ENTRIES SUPPLIED:
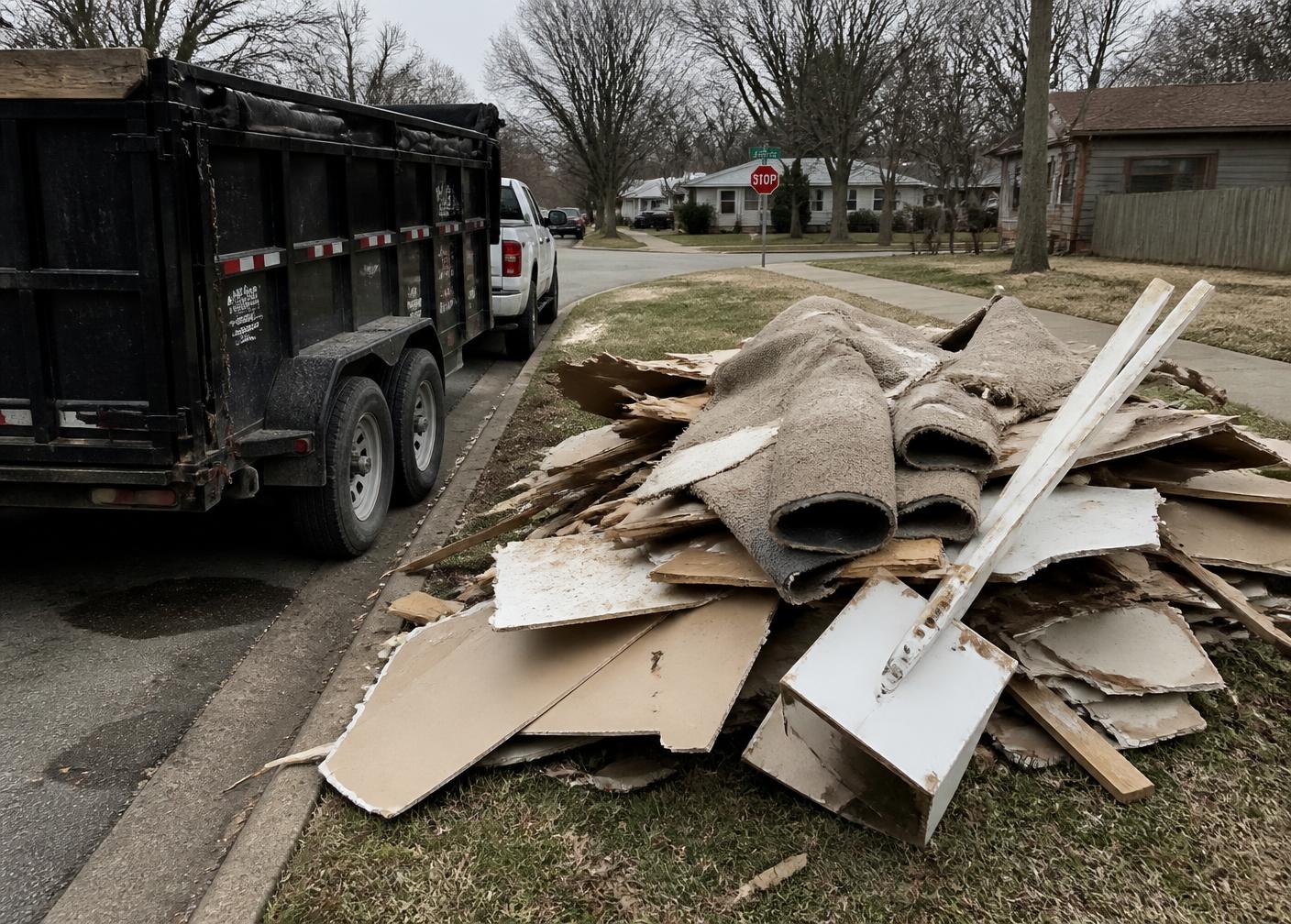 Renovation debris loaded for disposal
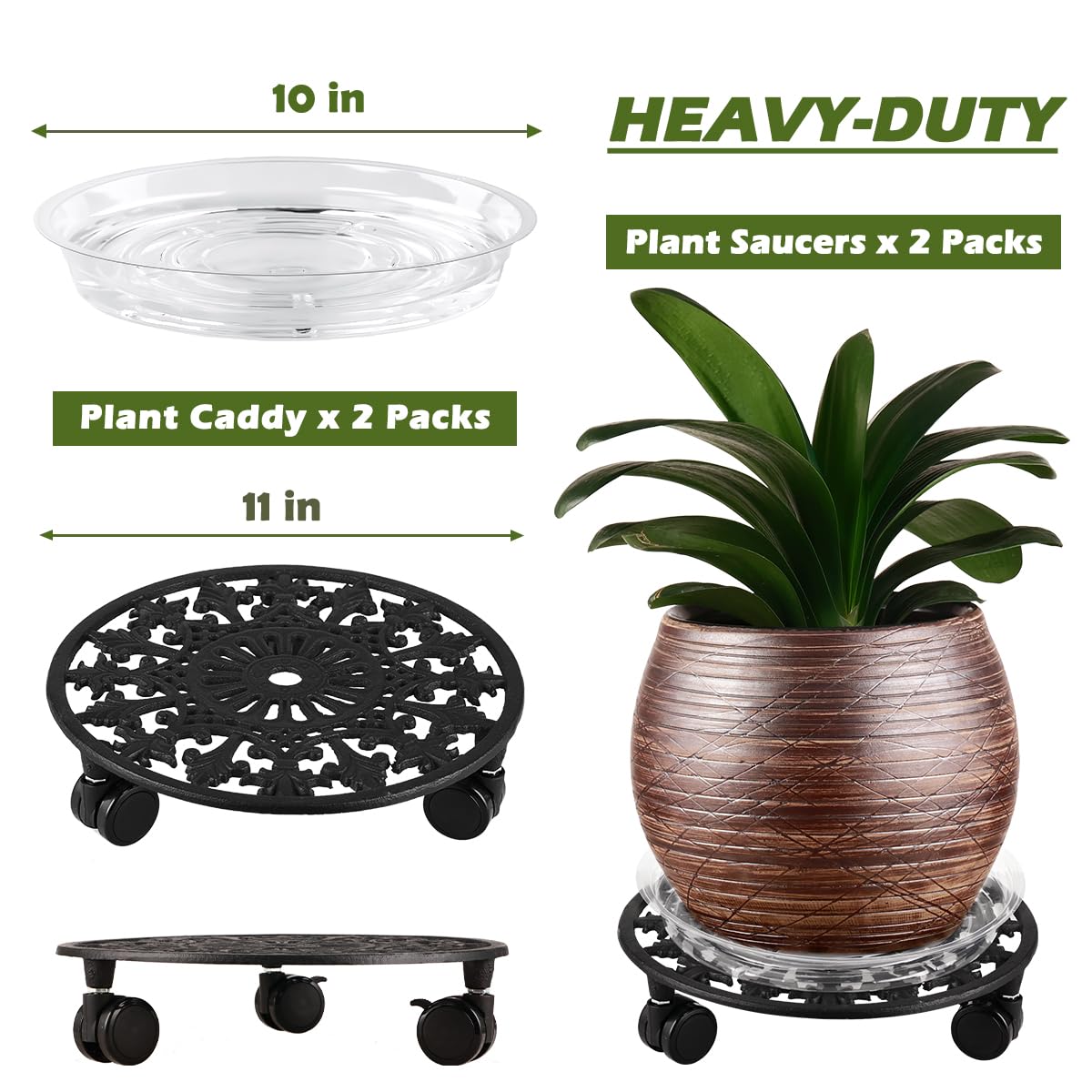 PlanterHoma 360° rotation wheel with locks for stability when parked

--

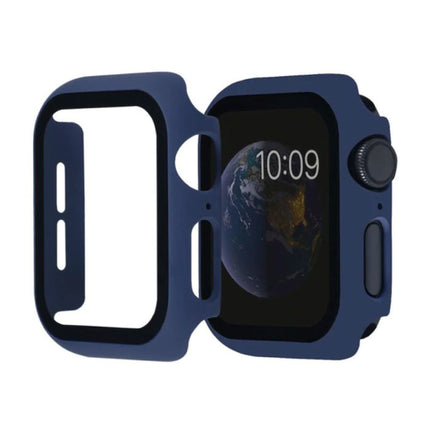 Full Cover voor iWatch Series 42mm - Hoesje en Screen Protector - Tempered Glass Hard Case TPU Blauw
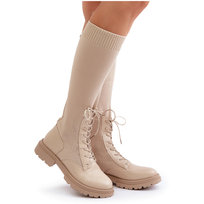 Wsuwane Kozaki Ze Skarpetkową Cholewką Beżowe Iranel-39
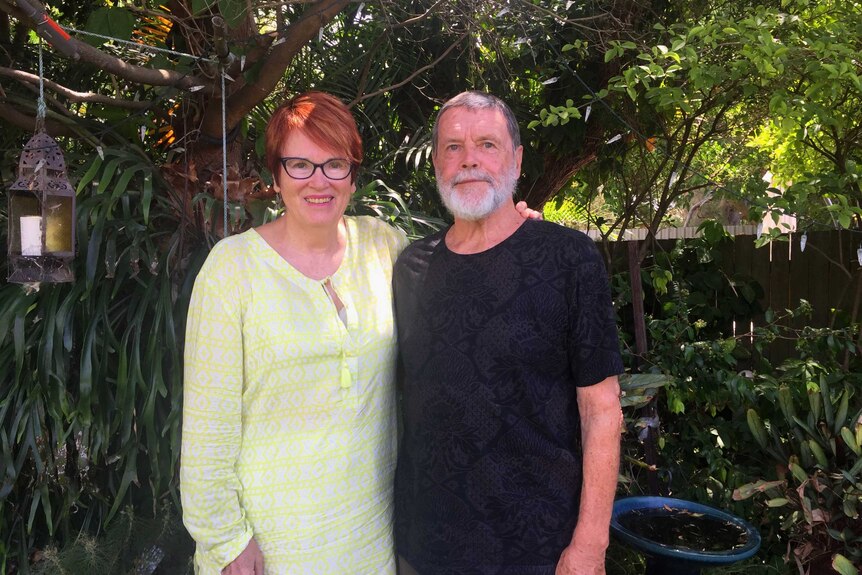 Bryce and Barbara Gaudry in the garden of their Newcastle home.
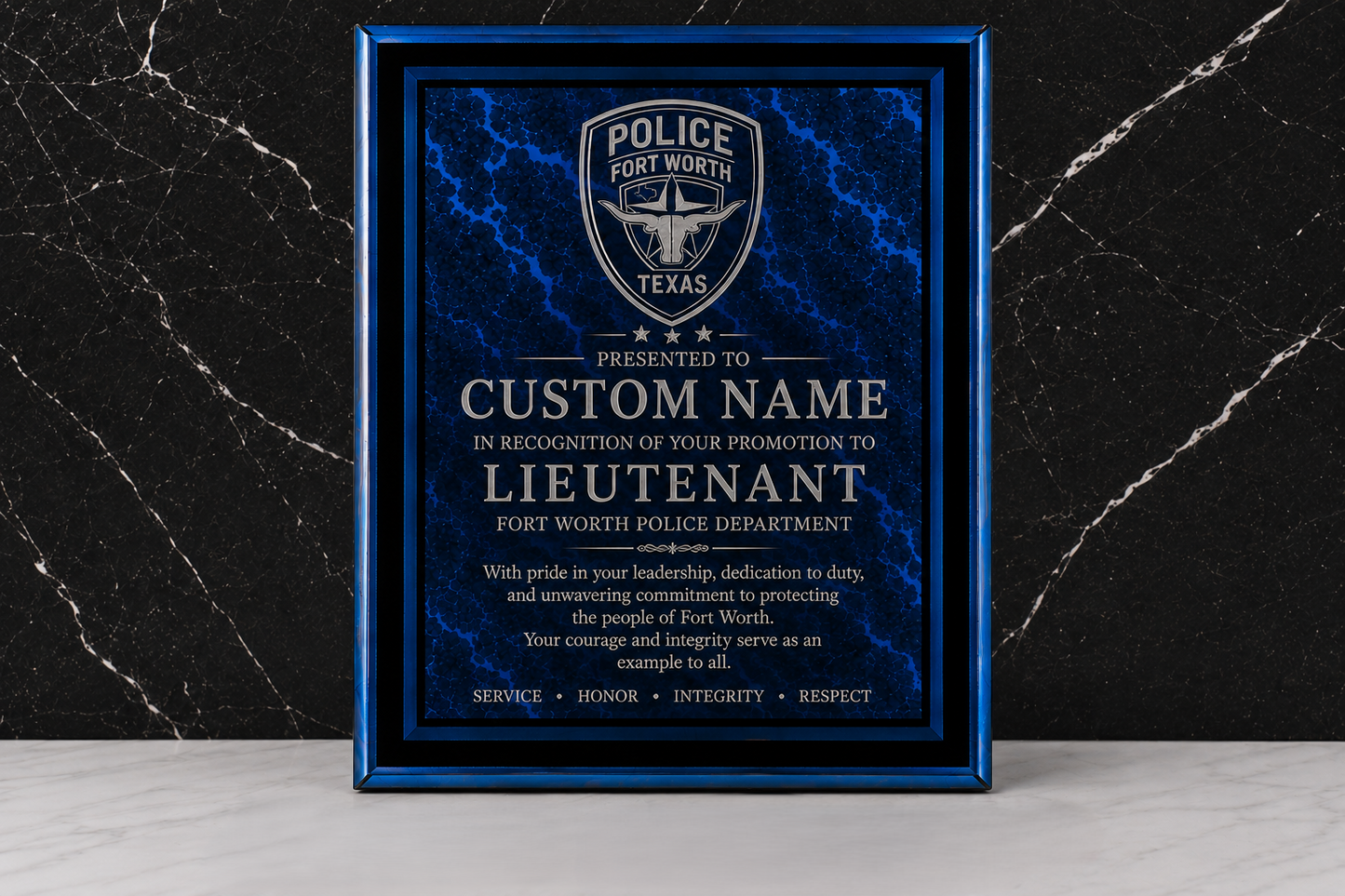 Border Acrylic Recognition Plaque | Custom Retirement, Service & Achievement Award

WHAT IS BEING ASKED: Give back exactly the lines of the listing above from the one that contains "Bryce and Barbara" up to and including the one that contains "Border Acrylic Recognition", but not the pictures, and no other lines.

OUTPUT FOR THIS TASK:
 Bryce and Barbara Gaudry in the garden of their Newcastle home.
 Border Acrylic Recognition Plaque | Custom Retirement, Service & Achievement Award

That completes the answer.